Could you repeat the records below exactly, leaving the pictures out?

◇ ◇ ◇ ◇ ◇

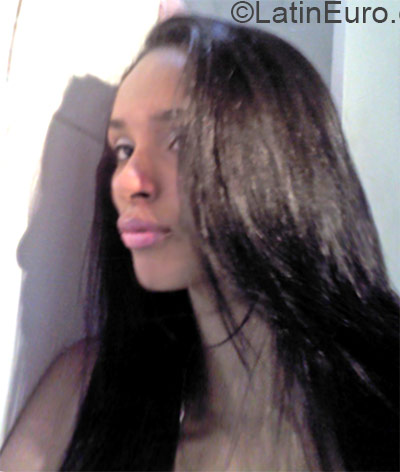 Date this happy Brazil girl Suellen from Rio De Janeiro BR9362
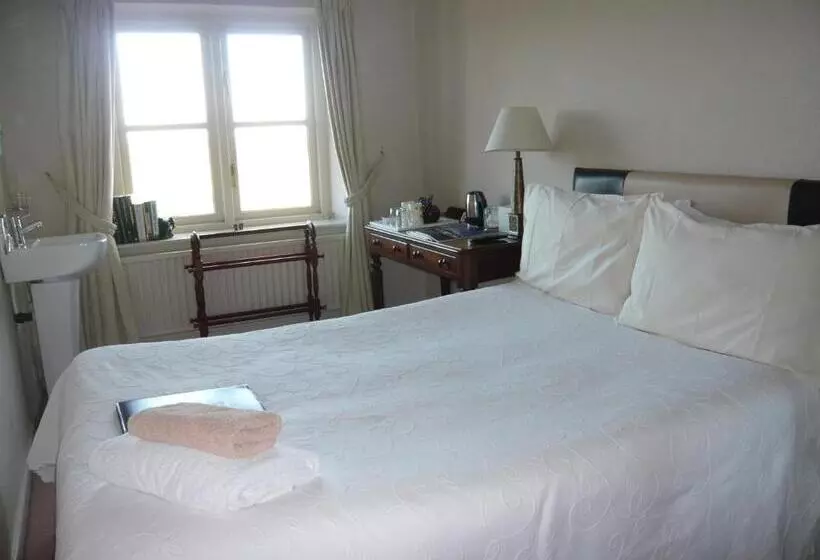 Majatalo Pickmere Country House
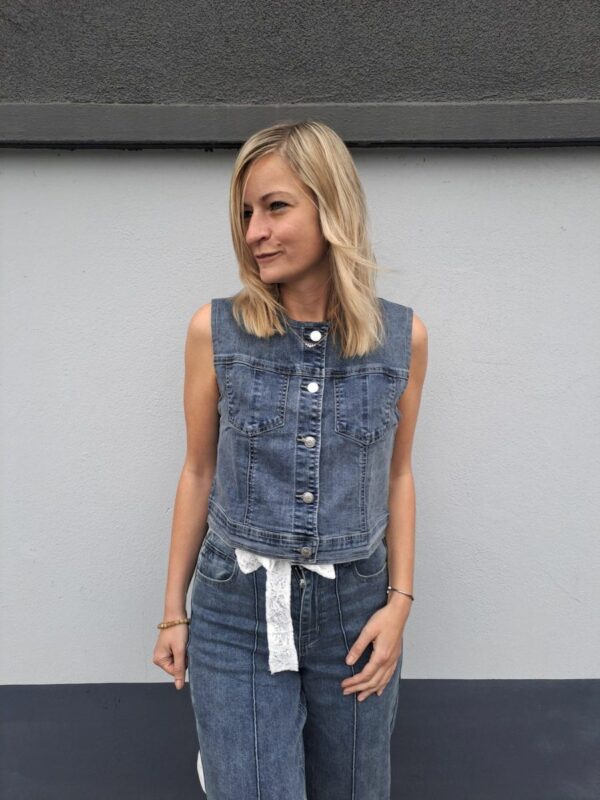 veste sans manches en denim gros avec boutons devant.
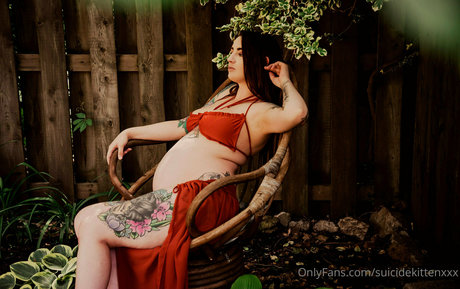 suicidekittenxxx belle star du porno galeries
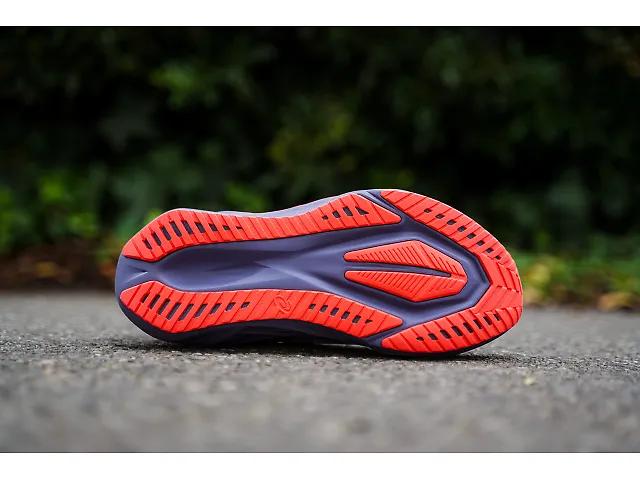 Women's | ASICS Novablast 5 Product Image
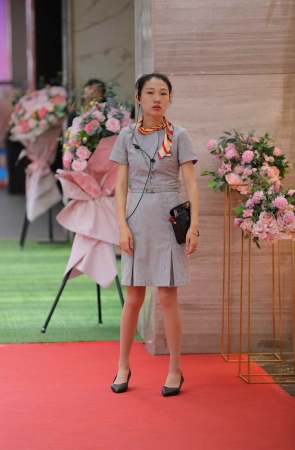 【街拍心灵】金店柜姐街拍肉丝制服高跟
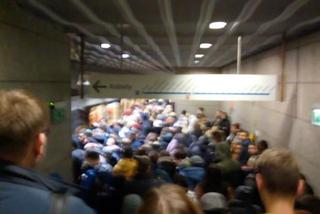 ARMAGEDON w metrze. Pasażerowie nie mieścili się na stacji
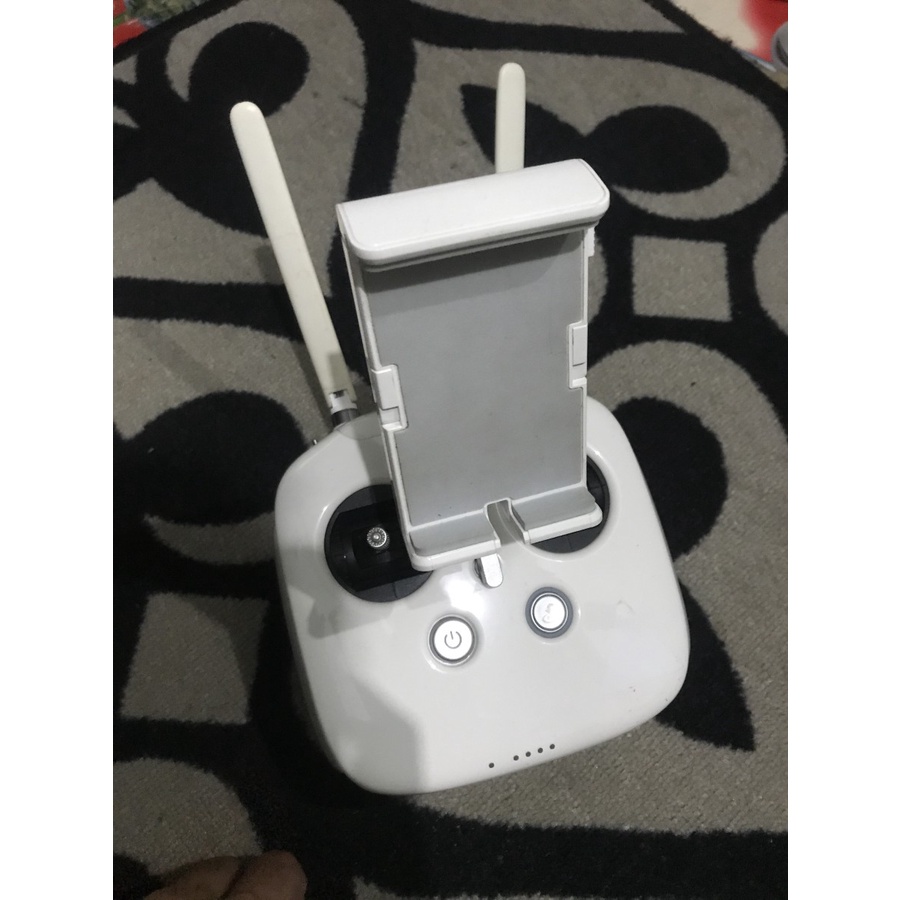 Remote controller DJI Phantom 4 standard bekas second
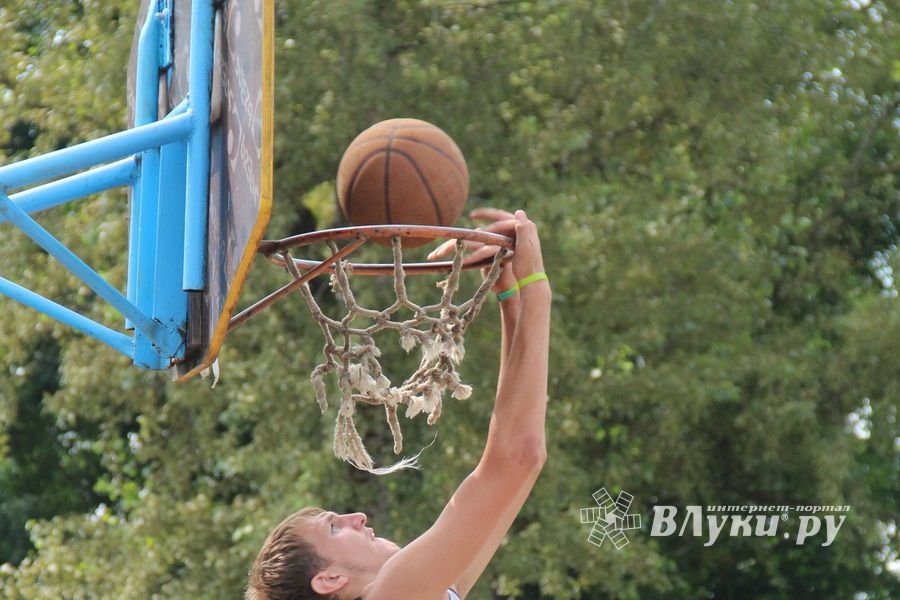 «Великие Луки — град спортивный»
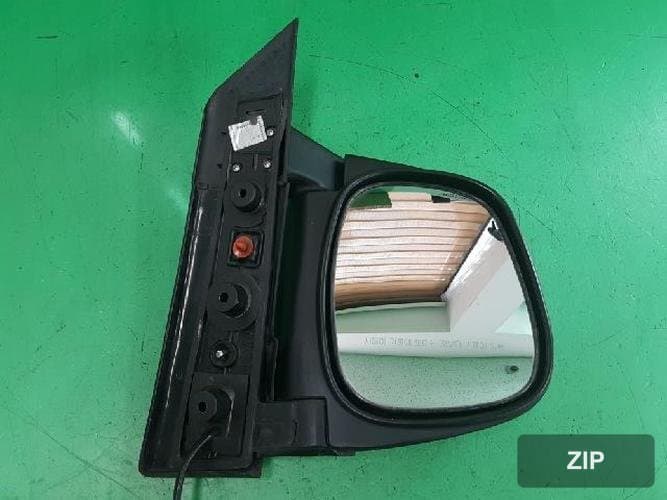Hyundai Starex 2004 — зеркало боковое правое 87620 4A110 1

◇ ◇ ◇ ◇ ◇

## Reply
 Date this happy Brazil girl Suellen from Rio De Janeiro BR9362
 Majatalo Pickmere Country House
 veste sans manches en denim gros avec boutons devant.
 suicidekittenxxx belle star du porno galeries
 Women's | ASICS Novablast 5 Product Image
 【街拍心灵】金店柜姐街拍肉丝制服高跟
 ARMAGEDON w metrze. Pasażerowie nie mieścili się na stacji
 Remote controller DJI Phantom 4 standard bekas second
 «Великие Луки — град спортивный»
Hyundai Starex 2004 — зеркало боковое правое 87620 4A110 1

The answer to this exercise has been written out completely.